Izzy glanced out the door.  Developed offices and residential streets could be seen past the parking lot.  “What do you mean? All the way out where?”

“Oh, a bit of a…metaphysical comment, I guess.  But what brings you to this office if it ain’t the more…eccentric tenants?”

Deb narrowed her eyes.  “I don’t think we got your name.  What was it?” The fear was growing stronger, and though she could articulate no basis for the feeling, she couldn’t let it go.

He grinned toothily, meeting her suspicious gaze.  Deb did shudder now, unable to hold it back. Though there was no perceptible change in his face, she felt as if the grin grew wider.  It occurred to Deb that she couldn’t tell how old the man was. His face had no wrinkles, but he didn’t look like a young man either.  

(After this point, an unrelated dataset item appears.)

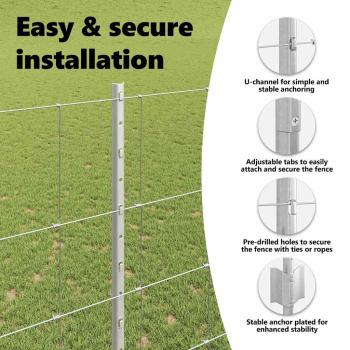 Zaun mit Pfosten Silber 1,5 x 25 m Stahl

“I’ve had a lot of names.  But here and now, you can call me Smokey.”

The twin glow of a set of headlights flashed through the window of the building, releasing the tension and sending a flood of relief through Deb.

“Looks like your ride’s here, Miss Deb, Miss Izzy.  You take care now.”

The two women quickly left the building and got into the car.  It wasn’t until they were in the car and safely on the freeway that it occurred to Deb that they had never offered their own names to the man.